Voraussetzungen für Rollenhandeln

Damit die verschiedenen Rollen, die jeder Mensch hat, reibungslos funktionieren und es zu keinen Komplikationen kommt, müssen einige Voraussetzungen erfüllt sein. Rollen hängen immer von den Erwartungen verschiedener Bezugsgruppen ab.[2] Nehmen wir als Beispiel eine Frau in der Rolle als Mutter. So wäre die Bezugsgruppe ihre Kinder, die gewisse Erwartungen, wie ein tägliches Mittagessen, an sie haben.

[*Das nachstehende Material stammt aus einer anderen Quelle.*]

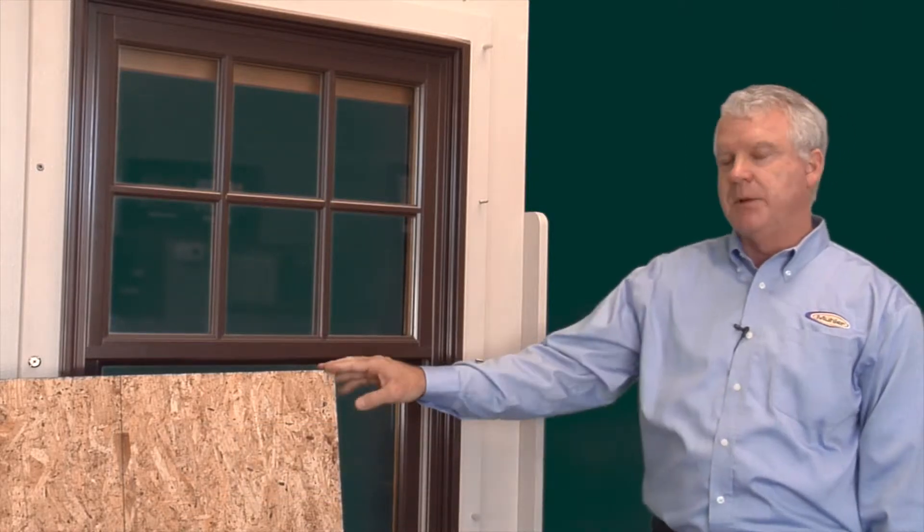Henry Hay with the Muller Company. If you're building or remodeling in coastal South Carolina, the codes have changed in regards to hurricane protection. If you're using plywood, you now have to permanently mount the fasteners around the window and door.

In ihrer beruflichen Rolle als Verkäuferin hat sie zwei Bezugsgruppen, nämlich einerseits ihre Vorgesetzte und andererseits ihre Kunden/innen.

Diese Erwartungen müssen mit den verschiedenen Rollen einer Person und mit deren persönlichen Interessen und Bedürfnissen vereinbar sein. Die Erwartungen müssen auch eindeutig definiert sein und die Erfüllung der Erwartungen hängt wiederum davon ab, ob die Mittel für die Erfüllung gegeben sind. Wenn eine dieser Voraussetzungen nicht gegeben ist, kommt es zu Rollenkonflikten.[3]

Intrarollenkonflikt

Zu dieser Art des Rollenkonflikts kommt es, wenn sich die Erwartungen der verschiedenen Bezugsgruppen innerhalb einer Rolle nicht vereinbaren lassen. Der/Die Rollenträger/in sollte also widersprüchliche Erwartungen erfüllen. Da eine Erfüllung aller Erwartungen unrealistisch ist, muss abgewogen werden, welche Erwartungen besser erfüllt werden sollten und welche nicht. Eine Nicht-Erfüllung kann natürlich auch negative Konsequenzen mit sich bringen und deshalb wird die Entscheidung in den meisten Fällen für die Erwartung mit den geringsten Folgen fallen. Es könnte aber auch die einflussreichste Bezugsgruppe gewinnen, obwohl dadurch höhere Kosten für den/die Rollenträger/in entstehen.[4]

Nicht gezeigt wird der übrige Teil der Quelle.